Requirement
Your job is to give again, exactly and with no additions, the lines in the records below from the one with "GAMERA 1999 KYOTO" through the one with "Delock LCD kábel", both included. Omit the pictures.

The records
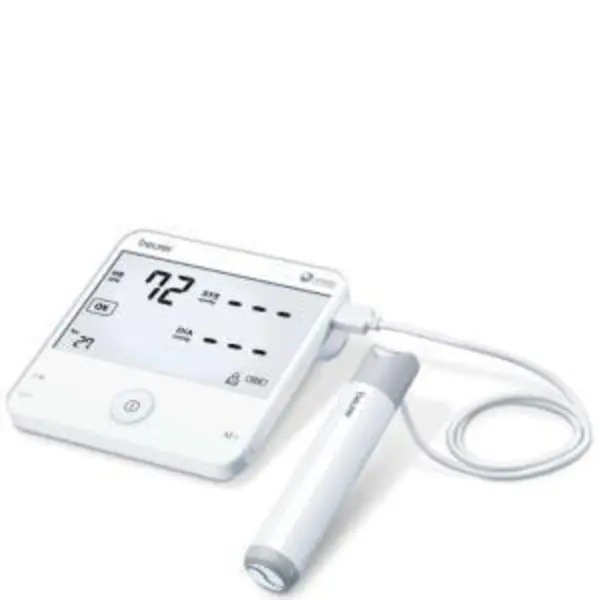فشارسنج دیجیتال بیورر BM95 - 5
---
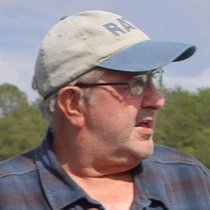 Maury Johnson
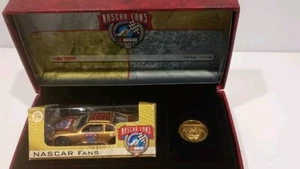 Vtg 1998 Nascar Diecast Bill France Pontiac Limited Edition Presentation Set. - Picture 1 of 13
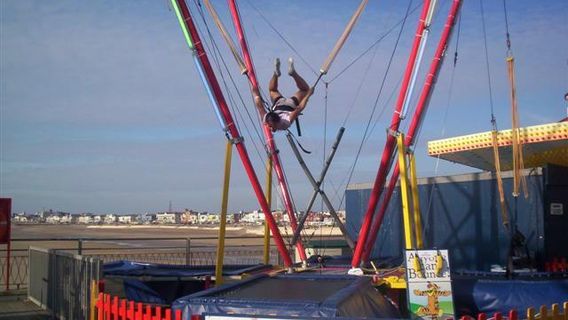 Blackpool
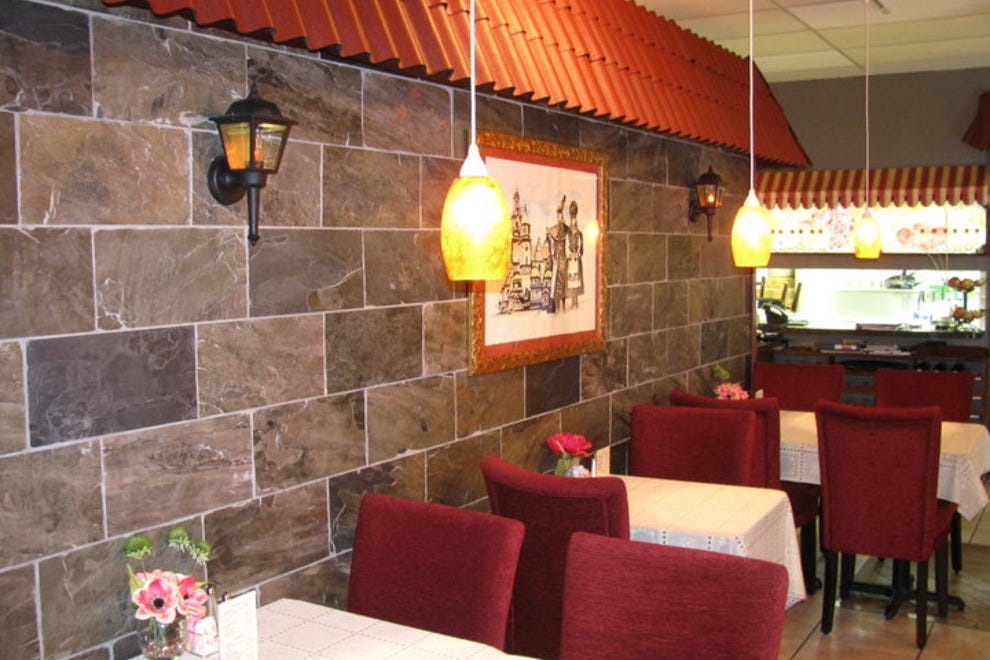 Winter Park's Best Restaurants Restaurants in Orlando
* * *
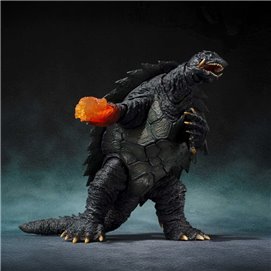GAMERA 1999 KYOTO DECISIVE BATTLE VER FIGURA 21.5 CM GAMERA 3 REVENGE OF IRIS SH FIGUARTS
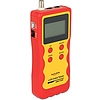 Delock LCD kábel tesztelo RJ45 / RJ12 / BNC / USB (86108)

Answer section
GAMERA 1999 KYOTO DECISIVE BATTLE VER FIGURA 21.5 CM GAMERA 3 REVENGE OF IRIS SH FIGUARTS
 Delock LCD kábel tesztelo RJ45 / RJ12 / BNC / USB (86108)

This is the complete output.